Question 1 (Paul Curley, Editor of the 529 Dash): How do you integrate college financial planning into your discussions with a client?

Answer 1 (Spencer Sherman, Founder and Executive Chairperson of Abacus Wealth): We talk about their goals and what they want to do. Do they want to fund college completely, or partially, and we figure out how much savings is needed to achieve that goal. Sometimes the money is coming from earnings and sometimes it might be coming from other accounts. We also integrate it into discussions around reducing estate taxes, because you are getting the assets out of the estate even if they do not go to college. We always talk about college planning with anyone that has kids, unless they say that they have no interest in planning for college or want their children to just pay for it. We feel so strongly about 529s that we are always having the conversation with clients, and we begin as soon as the child is born. Therefore it is a springboard from the birth of a child, or a new client coming on board. It is a marker of something happening that they would not have done on their own. Therefore 529s are a marker of our value add as they recognize that the 529 Plan would have remained on their to-do list forever without us.

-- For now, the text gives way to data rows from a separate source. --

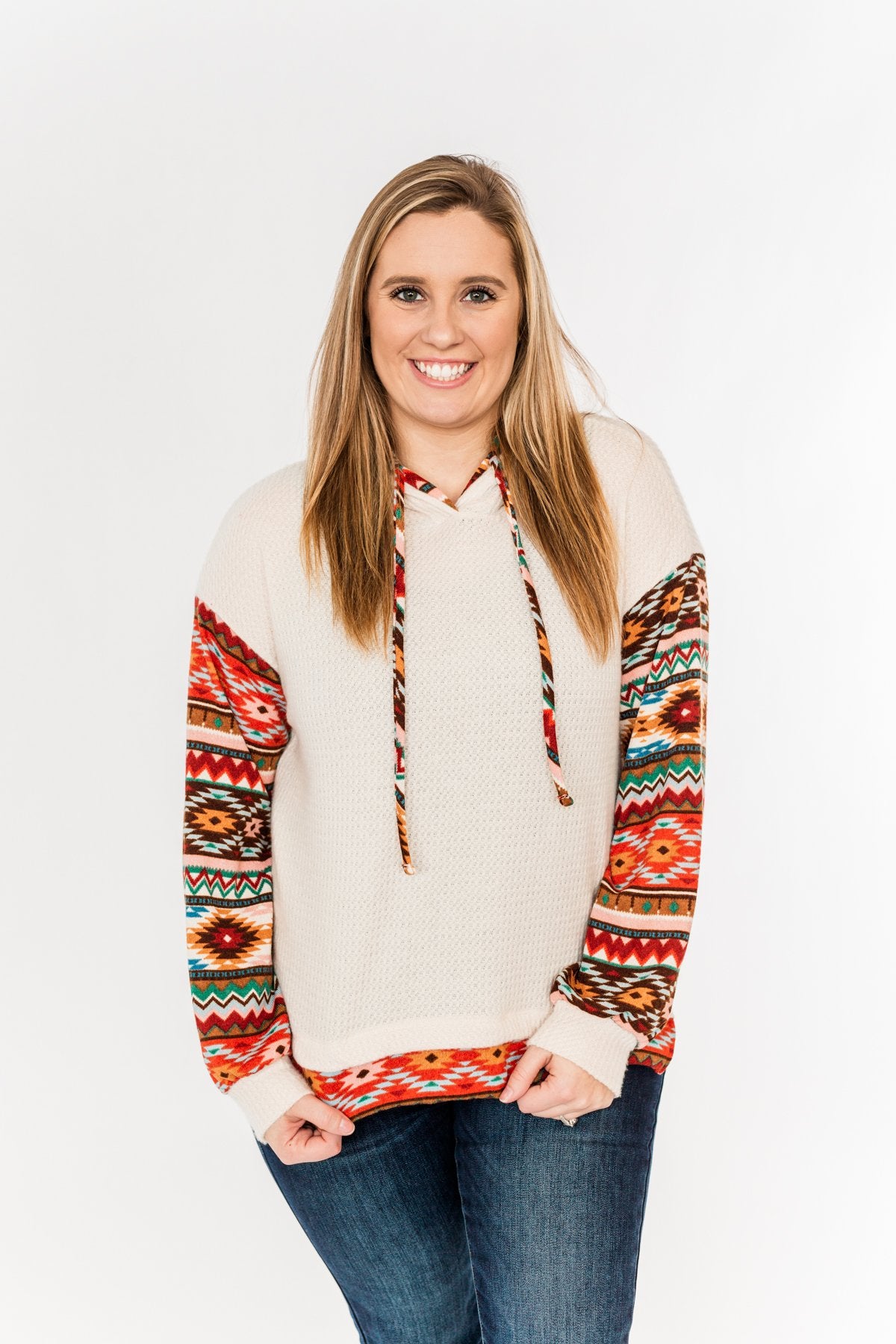 Life Is Beautiful Aztec Knit Hoodie- Light Taupe
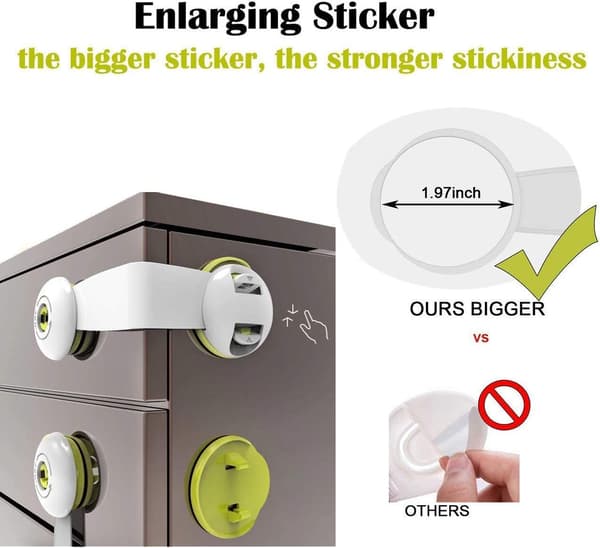 [5-pack] Barnsäkerhetslås - Inga verktyg eller borrning krävs -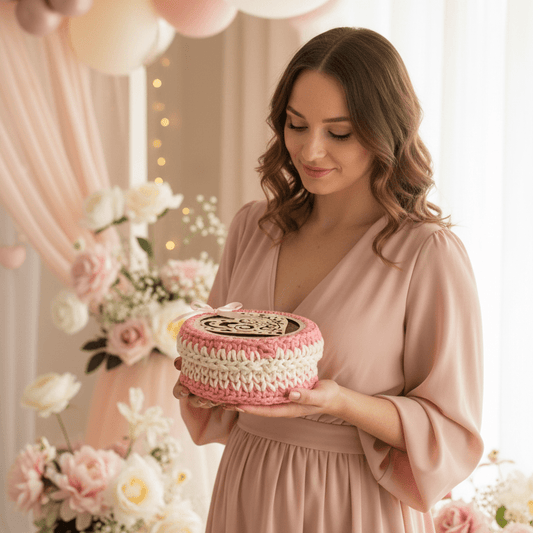 Elegant Newborn Gift Basket with Handmade Booties and Macramé Decor - Stitched Creations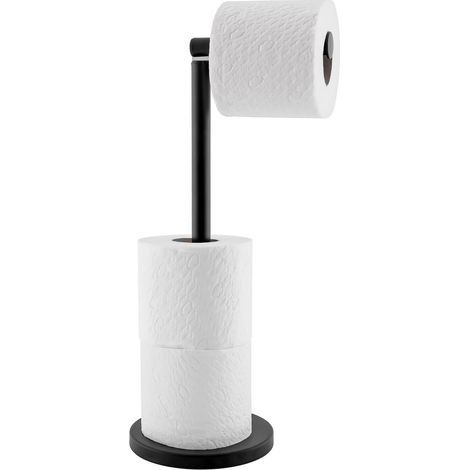 Porte-papier toilette sur pied en inox, adapté pour 4 rouleaux de papier toilette, facile d'entretien, acier inoxydable, 15x55 cm (noir) (1/4)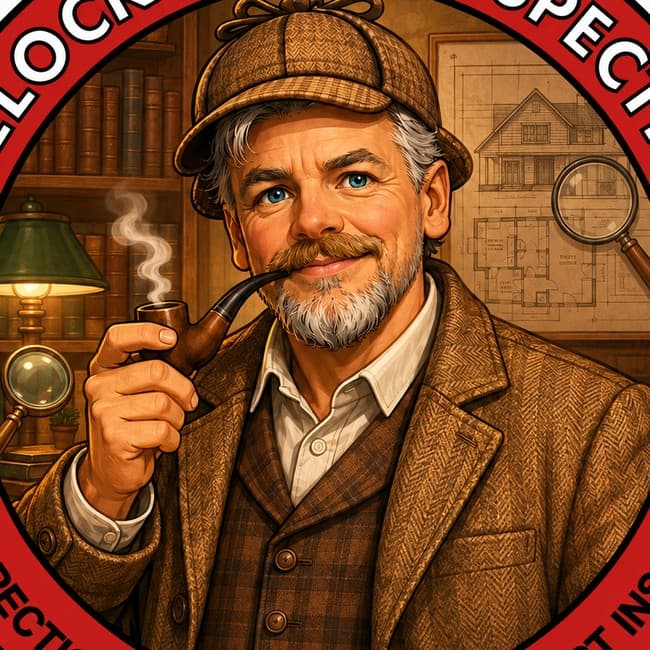 Cory Holder as a Sherlock Holmes-style detective, the SureLock Home Inspections portrait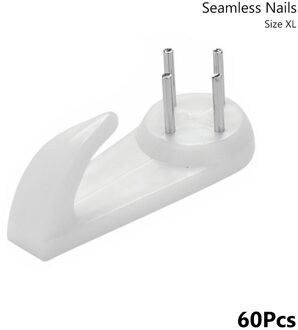 60Pcs Mount Klok Frame Home Decor Multi Functie Wit Foto Muur Haken Naadloze Nail Opknoping Foto Plastic Invisibl Hanger XL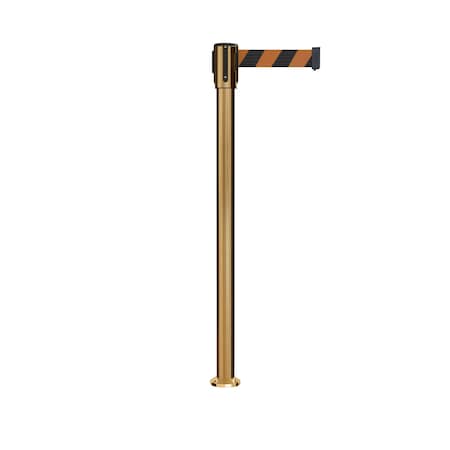 Retractable Belt Fixed Stanchion, 2ft Sat.Brass Post  7.5ft Blk/Or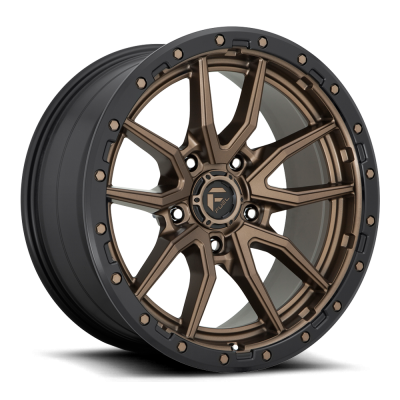 Aluminum Wheels 20X10 Rebel D681 5 On 139.7 Matte Bronze Black Bead Ring 78.1 Bore -18 Offset Fuel Off Road Wheels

Question 2: What is working for you in terms of college financial planning?

Answer 2: 529 plans allow you to pay all college expenses from one account and you get a dedicated savings vehicle that is visible to parents.  Even though the huge tax savings are of course an important component, the segregation of the account gives families the awareness of their growing college savings and that it can’t be used for other purposes.

Question 3: How can product providers and states better support you?

Answer 3: While I am generally satisfied with the product support, clearer charts on usage and limits on the plan would help. For example, what are the details on the withdrawal rights? There does seem to be lots of flexibility that people do not know about, and more detailed descriptions with case scenarios would help.

Question 4: What key trends do you see in college financial planning going forward?

Answer 4: People at all levels of income can set up plans and use them, as many minimums are as low as $25. Also, I have seen usage increase over the last ten years by those without children as a means to provide legacy planning to nieces and nephews, and other family members. In fact, people are starting to use these plans to fund multiple generations. Your name will be remembered as having created a family educational fund that educates family members for many years. 529s have become a core conversation piece with every client, including those without children, as a way to leave a great legacy.

Editor’s Final Note: Thank you Spencer Sherman for your time and insight, and much appreciated. Also, I would like to provide a special thank you to the readers for learning from your peers, for your support and your engagement. Cheers, and may you have a successful 2017.